Hello Ladies and Gentlemen! Today is day 24 of the 30 Day Writing Challenge. The topic for today is "write about a lesson you've learned the hard way." It takes me back to friendships especially in high school. I will refer to her as Daisy.


In high school I made a new friend (Daisy) and we would talk about everything and anything. We would walk home together, go to each others lockers during passing period, and pretty much do everything best friends do. If she got in trouble or needed help with her homework I would help her. I was there for her all the time and I didn't mind because that's what friends do.

Fast forward time to three years later. I started noticing she would copy how I looked as in I dyed my hair brown and she dyed it brown, I decided to cut it a little shorter and she did too, and she then started dressing the same way I would. I know best friends, well most of them will look similar but it got to the point where people started noticing as well. They started coming up to me during passing periods and would tell me that they noticed Daisy looking a lot more like myself. I was okay with that because we were friends and well if she likes my sense in style/fashion then go ahead, I am all for it!

One day we were walking home from school and we were talking about random things that happened throughout our day. We then started talking about my depression and she turned things around to herself. She started telling me she had it as well without being diagnosed with it. At the moment I felt like she was making fun of me. The reason why I say this is because she gave no signs, symptoms, and never seemed depressed. I was always with her and she was always laughing and just living which I admired. Later, I asked her several questions regarding depression and none of them indicated her having it.

Later that day I would question why she would say something like that. Was she trying to hurt me? First she was trying to look like me now she wants to act like me? I don't understand Why. I asked myself this for several days. I didn't want to lose our friendship. The final straw was when I noticed her and my first love talking more than usual. She knew how I felt about him. I trusted my boyfriend but I had heard so many things about Daisy that I didn't know what to believe. Daisy continued to act like everything was okay between us as if I wouldn't notice anything but I did.
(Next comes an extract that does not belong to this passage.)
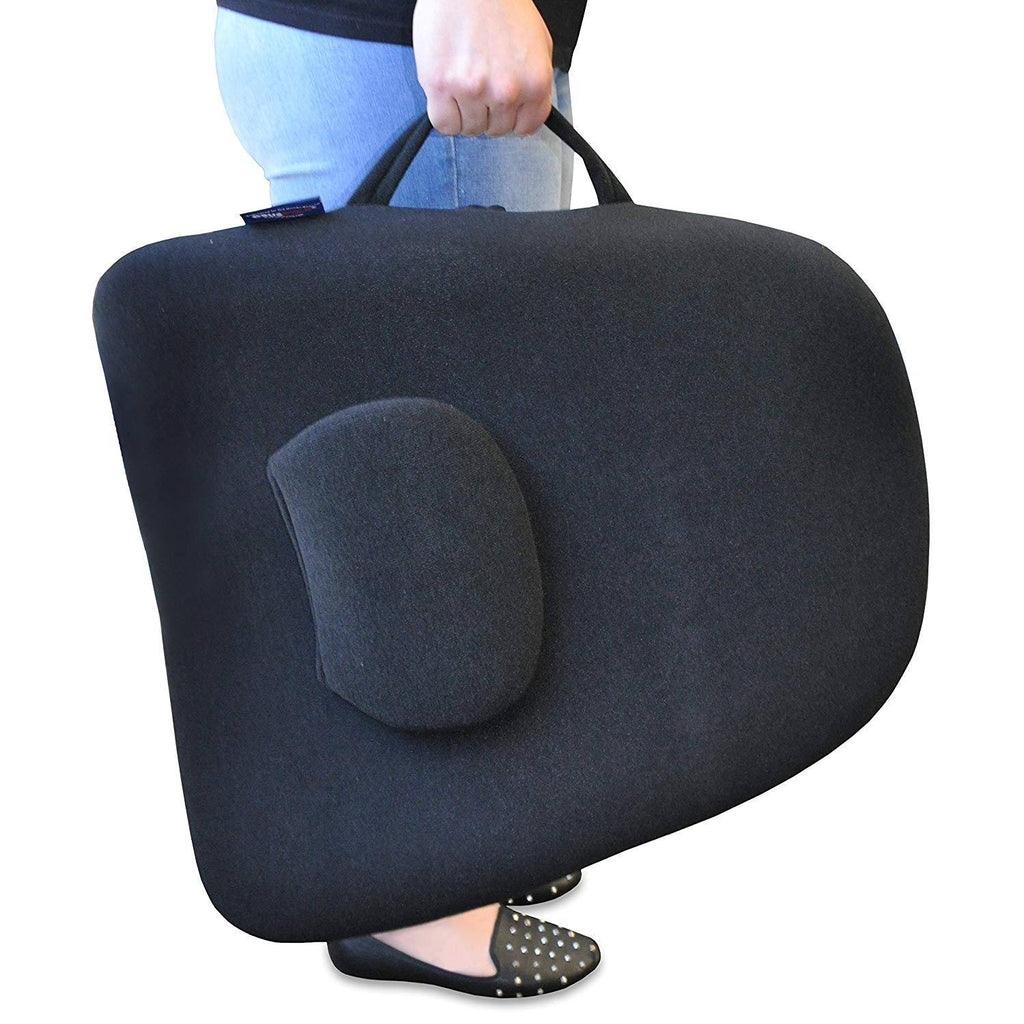 Ergonomic Lowback Backrest Support N80480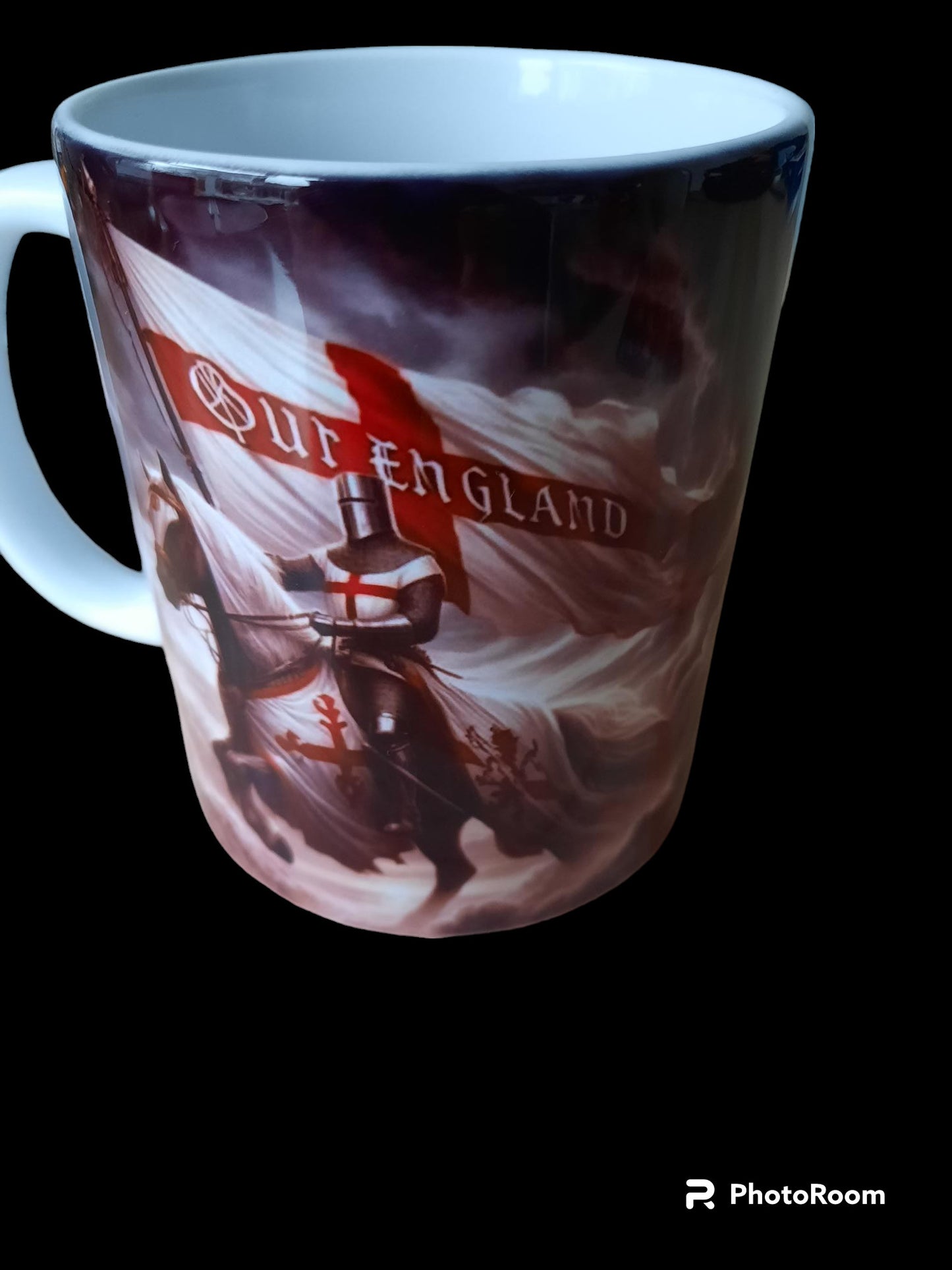 OUR ENGLAND MUG AND COASTER SET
I decided I didn't want to continue having a friendship with someone who didn't trust me enough to tell me what was really going on. Someone who pretended to care and love me when in reality she was just jealous/envious. Someone trying to look, act, and steal my life. After I decided to stop talking to her and told her myself she slowly started dressing like herself and acting like herself again. I was so upset for months because she caused our friendship to END. What I learned from this heart breaking experience is to talk to the person that is hurting you. Confront them. Talk to them about how you feel and if they don't understand you don't need them in your life. Sending positive vibes your way, xo elipoise.